La movilización social que pronto cumplirá un mes ha ido dando paso a una inédita y profunda reflexión sobre nuestro desarrollo económico y social. ¿Podremos terminar con las enormes desigualdades? ¿Qué sugiere nuestra historia al respecto?
Si bien las preferencias han cambiado coyunturalmente a lo largo de la historia, ésta nos sugiere que la inmensa mayoría de los chilenos ha esperado y espera que “el sistema” les permita progresar económicamente, en libertad y respetando la natural diversidad de nuestra población. Para ello, hace casi cinco décadas adoptamos una economía de mercado bajo el supuesto de que era un sistema que permitía compatibilizar progreso material con libertad política.
Lamentablemente, lo que no se entendió era que para superar las desigualdades que el modelo económico acentúa se requerían políticas públicas que suponen un mayor protagonismo del Estado para concebir e implementar estrategias de mediano y largo plazo que, ciertamente, deben respetar la iniciativa privada y el principio de libertad de emprendimiento, pero que también deben -por vocación- ser un factor esencial de igualdad y bienestar social.
La defensa irrestricta del actual modelo ha identificado tales estrategias como sinónimo de trasnochada planificación socialista, pero ello supone un prejuicio que sería conveniente desterrar, como condición previa de un debate profundo y constructivo.
Los excesos o efectos perversos de la planificación económica no anulan su legitimidad.

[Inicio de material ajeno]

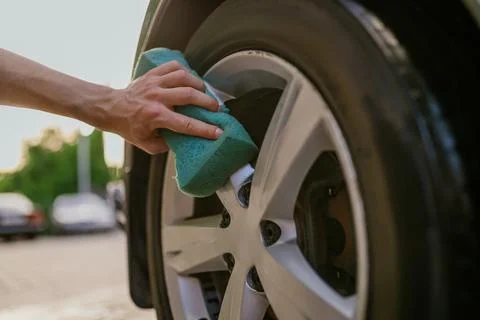 Man using sponge, hand car wash Foto stock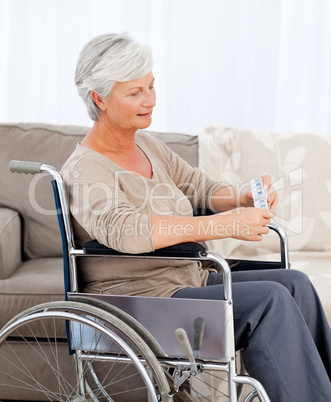 Senior in wheelchair with pills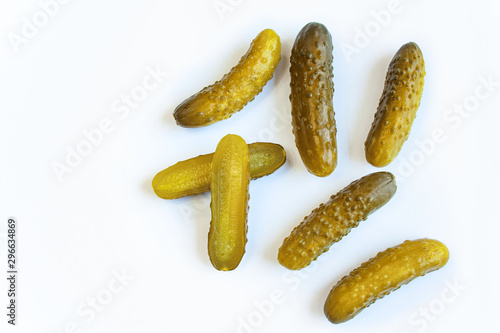 Pickled cucumbers on a white background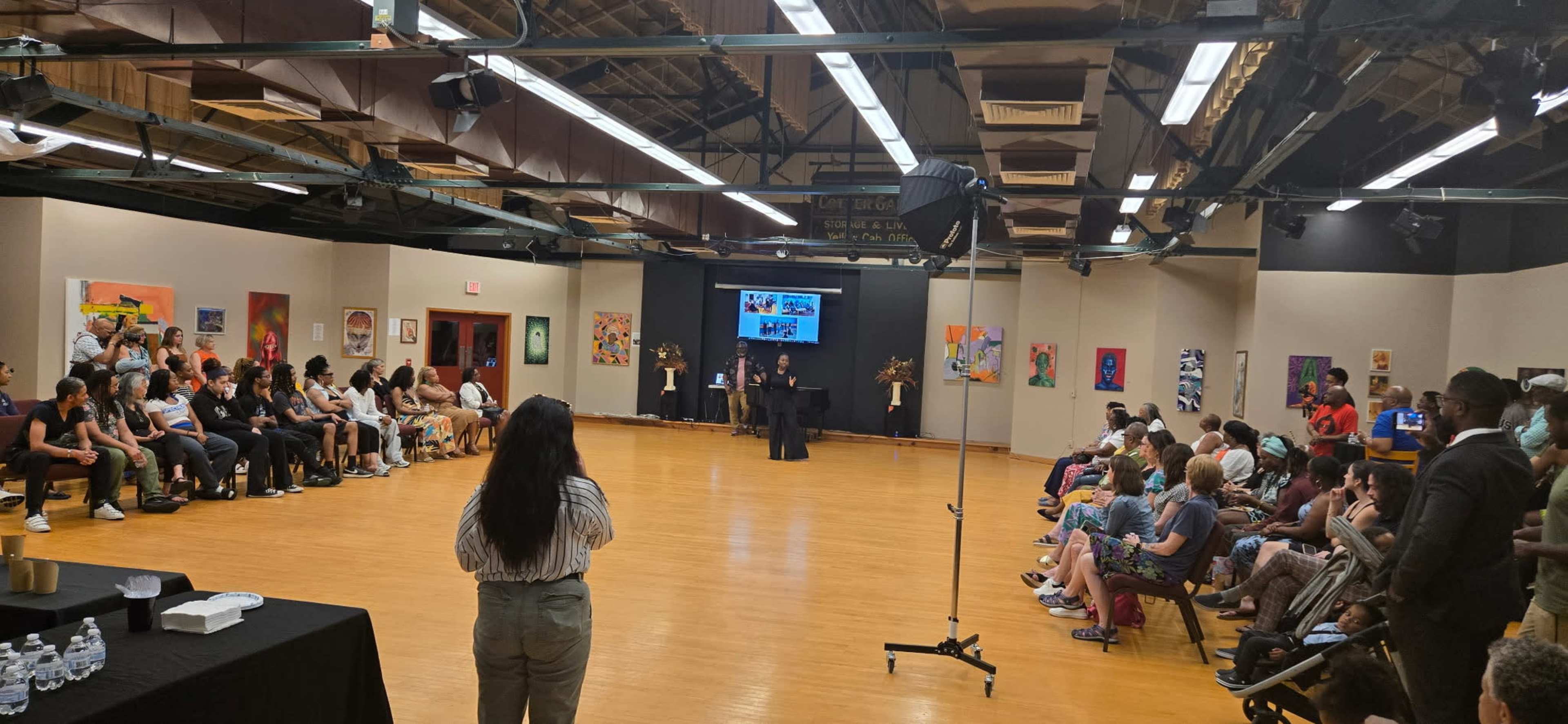 A diverse group of people gathers in a large room with a wooden floor, facing a stage where speakers present to the audience.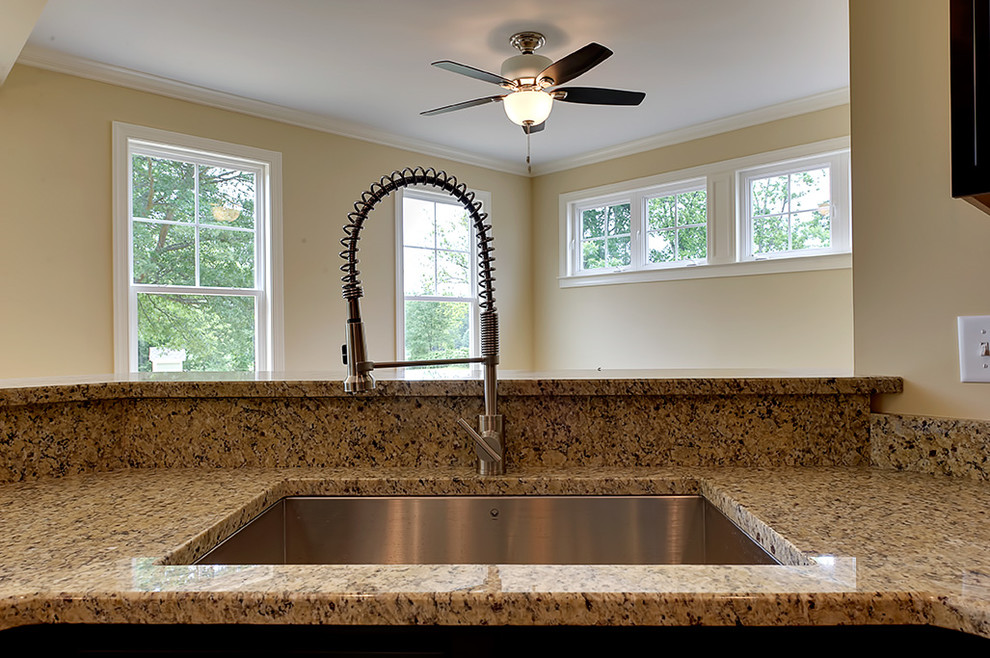 Eat-in kitchen - transitional u-shaped medium tone wood floor eat-in kitchen idea with an undermount sink, granite countertops, recessed-panel cabinets, dark wood cabinets and an island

En efecto, varios países de Latinoamérica se trabaron en excesos de estatismo y falta de libertades individuales, e incorporar esa experiencia a nuestra discusión es importante, pero no de la manera como se ha acostumbrado hacer hasta ahora, mostrándola como la inevitable consecuencia de cualquier cambio de transformación política y social en Chile.
Existe bastante evidencia científica respecto a que las sociedades con mayores niveles de desigualdad ven limitado su crecimiento, ya que no son capaces de aprovechar todas las capacidades latentes de las personas, entre otras razones, porque no potencian adecuadamente el capital humano de su población y porque registran -tal como hoy estamos experimentando- mayores niveles de conflictividad social.

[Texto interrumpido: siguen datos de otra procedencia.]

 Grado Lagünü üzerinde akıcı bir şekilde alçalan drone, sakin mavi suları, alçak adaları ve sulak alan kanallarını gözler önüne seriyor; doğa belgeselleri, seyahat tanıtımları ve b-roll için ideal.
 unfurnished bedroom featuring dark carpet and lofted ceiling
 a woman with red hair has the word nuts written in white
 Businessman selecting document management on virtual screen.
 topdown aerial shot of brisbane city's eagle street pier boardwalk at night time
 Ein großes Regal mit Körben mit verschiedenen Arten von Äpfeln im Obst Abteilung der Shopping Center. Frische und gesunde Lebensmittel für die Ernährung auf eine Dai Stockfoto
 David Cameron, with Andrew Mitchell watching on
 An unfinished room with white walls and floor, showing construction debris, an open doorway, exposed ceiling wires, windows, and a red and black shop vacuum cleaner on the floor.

En síntesis, garantizar un conjunto de derechos sociales que conduzcan a construir una sociedad más igualitaria y cohesionada debe constituir hoy el núcleo sustantivo de la agenda para salir de esta crisis.
A muchos podrá espantar una propuesta de esta naturaleza, pero al observar los temas y preocupaciones que mayoritariamente movilizan a los ciudadanos, se confirma que tan importante como preocuparnos por los niveles en que crece nuestra economía, es también la forma y dirección en que lo hace, pues quien no se siente parte de los beneficios de ese crecimiento, difícilmente se va a sentir parte y va a respetar las reglas de una comunidad política.
Hoy, es inevitable que al levantar la vista nos interroguemos por el futuro y allí aparecen debates tan profundos como postergados, de cuyos resultados dependerá la manera en que el país se organice en aspectos claves para sus posibilidades de desarrollo en los próximos 100 años.